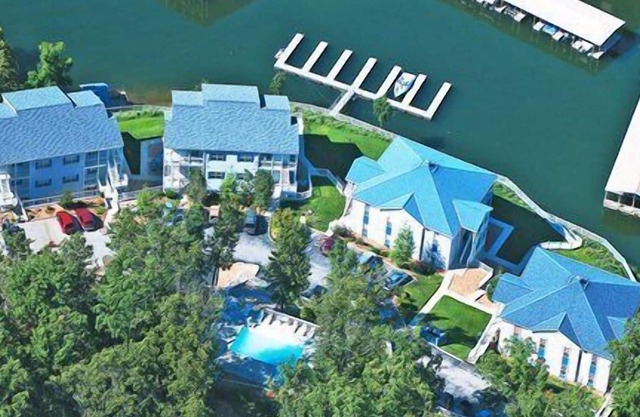 Beautiful studio unit at resort, sleeps 2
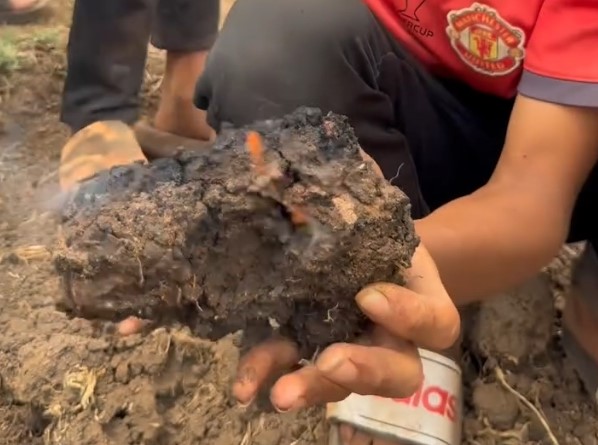 Hình ảnh đồng ruộng tự bốc khói, bốc cháy được đăng tải trên mạng xã hội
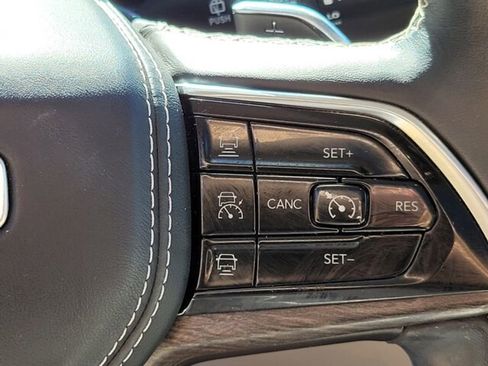 Used 2021 Jeep Grand Cherokee L Overland image 26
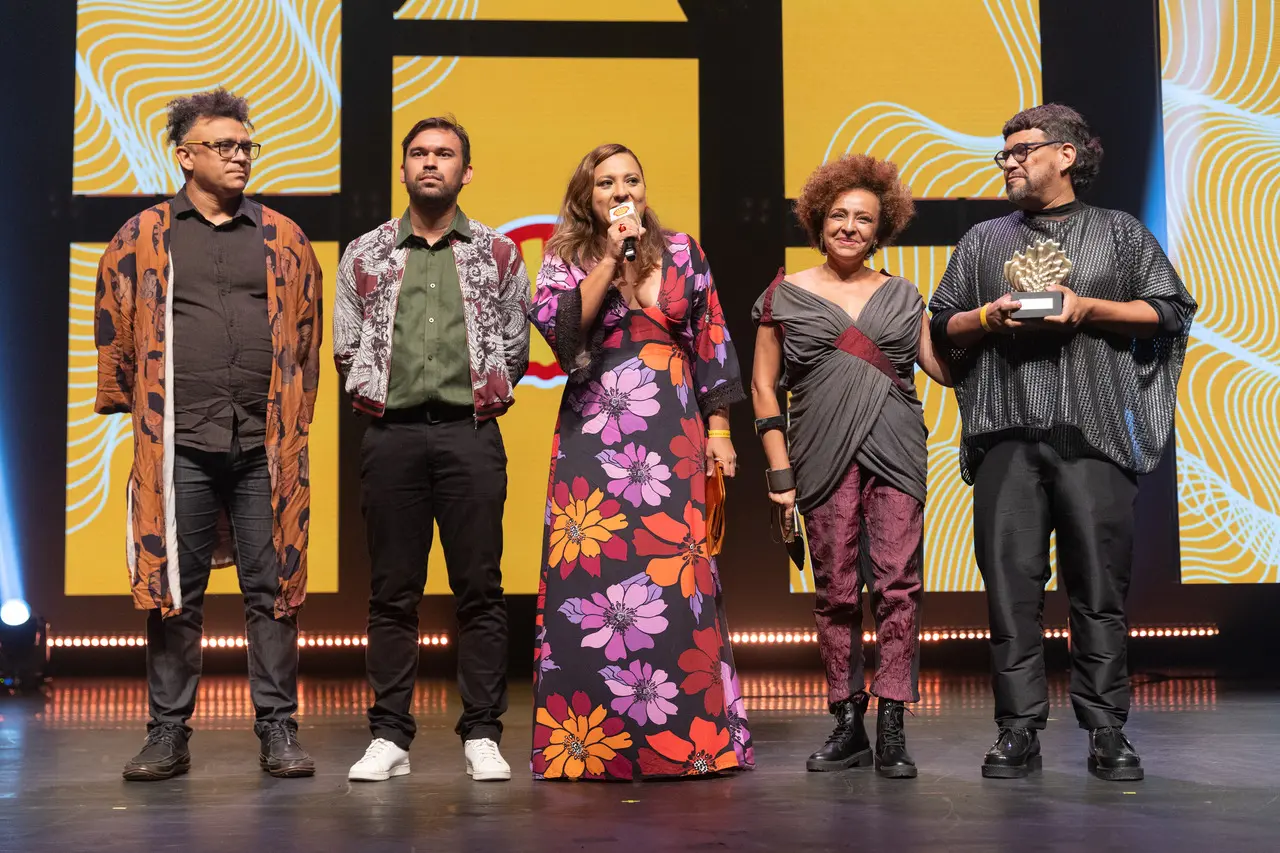 Pavilhão da Magnólia no palco do 35º Prêmio Shell ao vencer a categoria 'Destaque nacional' no evento
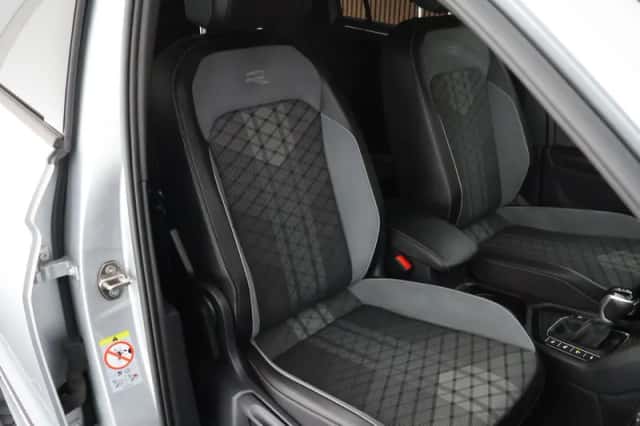 Volkswagen Tiguan (2021) thumbnail 2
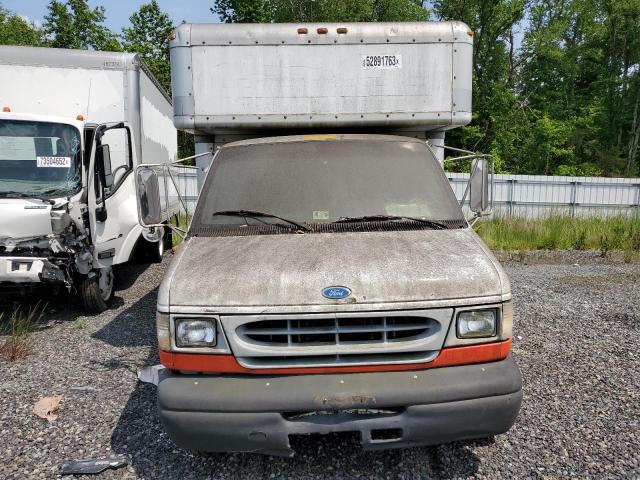 1FDKE37S3VHB25405 - 1997 FORD ECONOLINE E350 CUTAWAY VAN WHITE photo 5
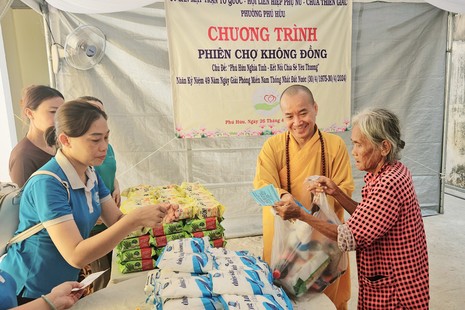 Phiên chợ 0 đồng cho người khó khăn tại chùa Thiền Giác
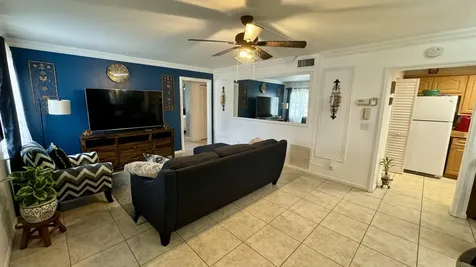104 Lake Pine Circle Greenacres FL 33463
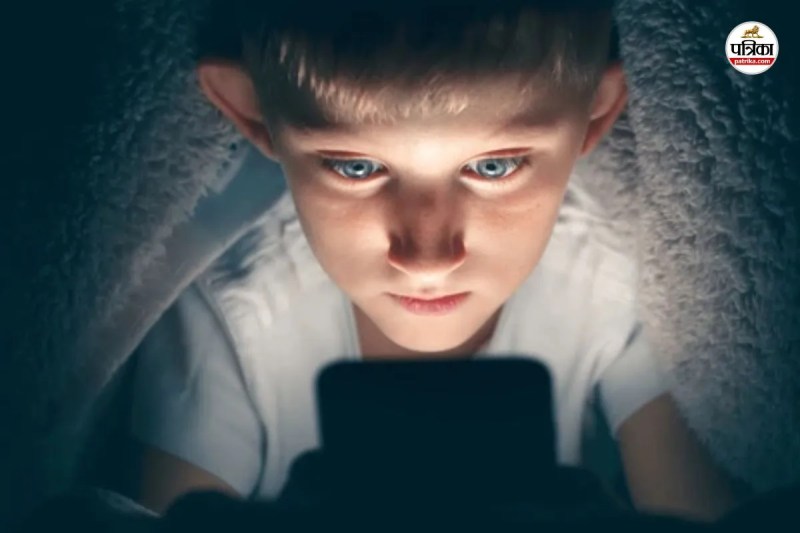 मोबाइल एडिक्शन से हिंसक हो रहे बच्चे ( फोटो सोर्स-- Shutterstock)
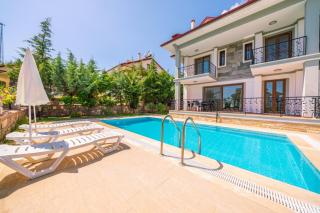 Villa Cratos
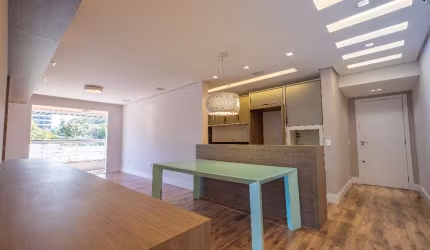 Apartamento à venda, 3 dormitórios, 2 suítes, 1 escritório e 2 garagens no bairro João Paulo, Florianópolis/SC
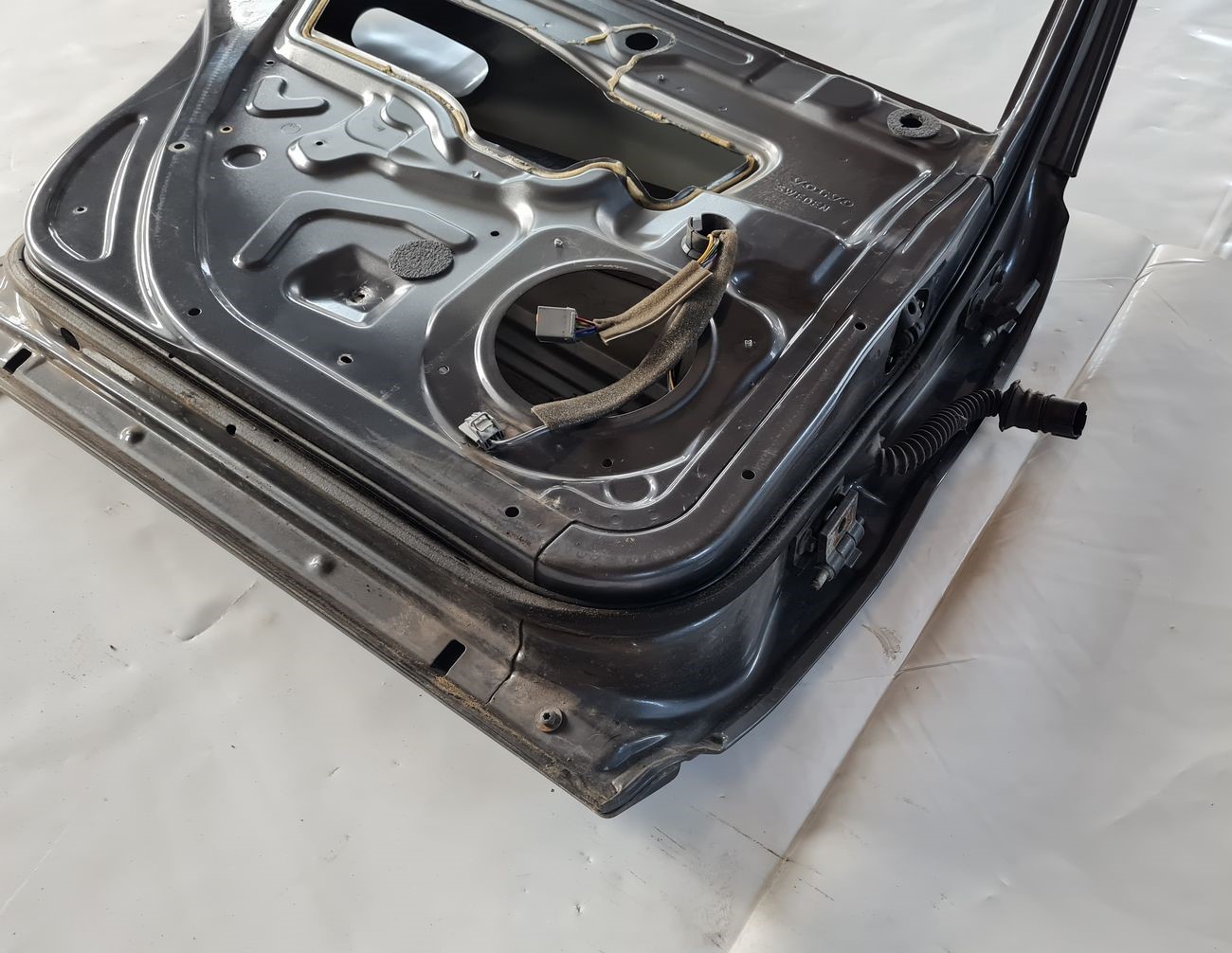 Aizmugurējās kreisās durvis priekš VOLVO V70 2006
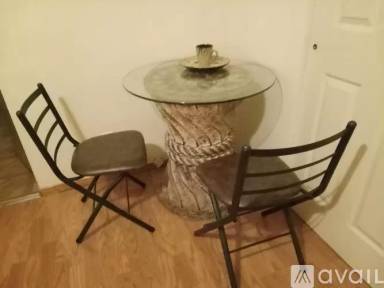 Main picture of 941 E 6th St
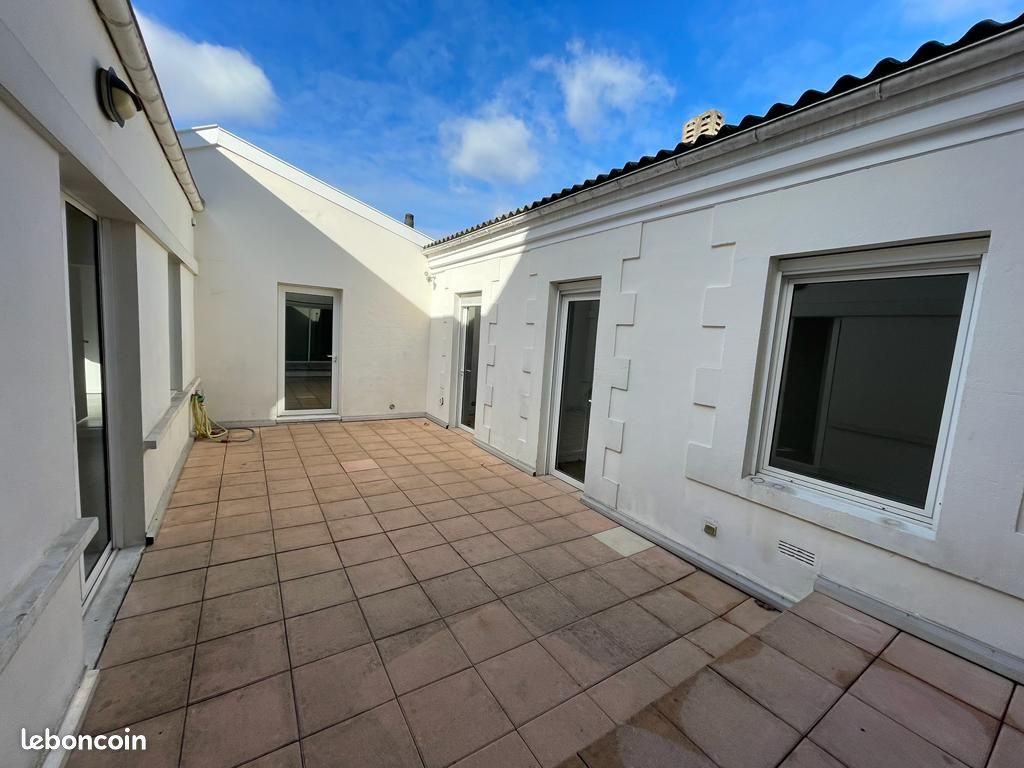 Appartement 6 pièces 222 m² (image 3)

◆ **Activity**
The copy starts at the line holding "Main picture of 941 E 6th St" and ends at the last line of the records above. Transcribe those lines exactly, pictures excluded.

◆ **Exercise response**
 Main picture of 941 E 6th St
 Appartement 6 pièces 222 m² (image 3)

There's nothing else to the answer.